TNA leader R Sampanthan accused the Maithripala Sirisena-led government of not acting promptly since coming to power.
Lanka opposition leader seeks Tamil prisoners' release

COLOMBO: The leader of Sri Lanka's main opposition, also the country's main Tamil party, has asked the government to immediately release all Tamil political prisoners besides repealing an "obnoxious" anti-terrorism law.

Tamil National Alliance (TNA) leader R Sampanthan accused the Maithripala Sirisena-led government of not acting promptly since coming to power.

"Even the Mahinda Rajapaksa government released over 11,000 persons in custody. They gave them rehabilitation and released them. But this government in the course of the past almost 18 months or more than that has not been acting in this matter as expeditiously as we expected them to," he said in a speech made in the Parliament here yesterday.

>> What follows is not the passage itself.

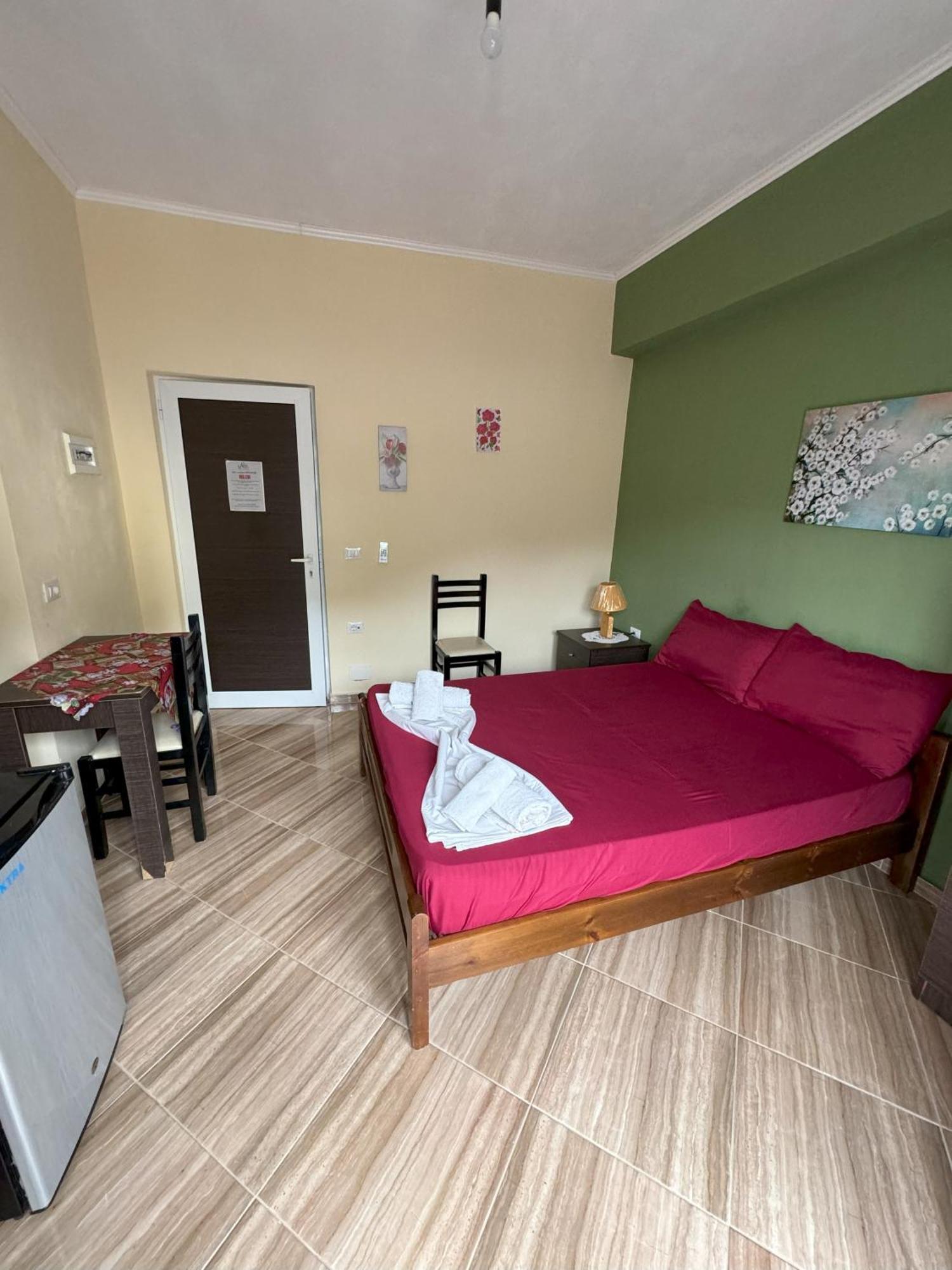 Adrian Agustin Rooms Lukovë 외부 사진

This is the first time he has made such a charge in the Parliament against the Sirisena government, which has been accused of being pro-Tamils by nationalist groups.

Citing that the present government had at the UN Human Rights Council accepted the Prevention of Terrorism Act (PTA) was an "obnoxious law" and needs to be repealed, the TNA leader said that in December 2015, the government released on bail 39 individuals detained without charge but around 250 detainees are believed to be in detention.

The government has made indictments in 117 of these cases and in January, created a special High Court Bench to expedite proceedings.

"The government had promised that the Attorney-Generals Department would make decisions by the end of March, but there have been no further charges or releases this year. This situation is not only traumatic for the individuals concerned.

"Some of whom resorted to hunger strikes and for their families but a source of growing frustration among Tamil political parties and the community at large," he said.

He added Foreign Minister Mangala Samaraweera told the UN Human Rights Council that a committee was putting the final touches to the first draft of the new counter-terrorism legislation that will replace the PTA - introduced in 1979 to counter the separatist movement - in keeping with Sri Lankas commitments and obligations to human rights and countering terrorism.

"Even the Sri Lankan Minister of Foreign Affairs described the Prevention of Terrorism Act as the much criticised and the much abused Act. He has said this in his Statement before the UN Human Rights Council. How can anyone be held in lawful custody under such a law? It is a law which you say is obnoxious, it has been criticised by everyone, not merely by people in this country, by the international community, and it is a law which has been abused.

"How can anyone be held legally in custody under that law? How can anyone be charged under that law? How can anyone be convicted under that law? It is our submission that all persons taken into custody under the Prevention of Terrorism Act must be released because your Government concedes that the law is unjust, is obnoxious and is not a law that should remain on statute books in this country," Sampanthan said.

He added that KP alias Kumaran Pathamanathan has not been charged yet, despite being the LTTE's international arms procurer. He is a favourite of the Rajapaksa government and continues to be so under the Rajapaksa successors.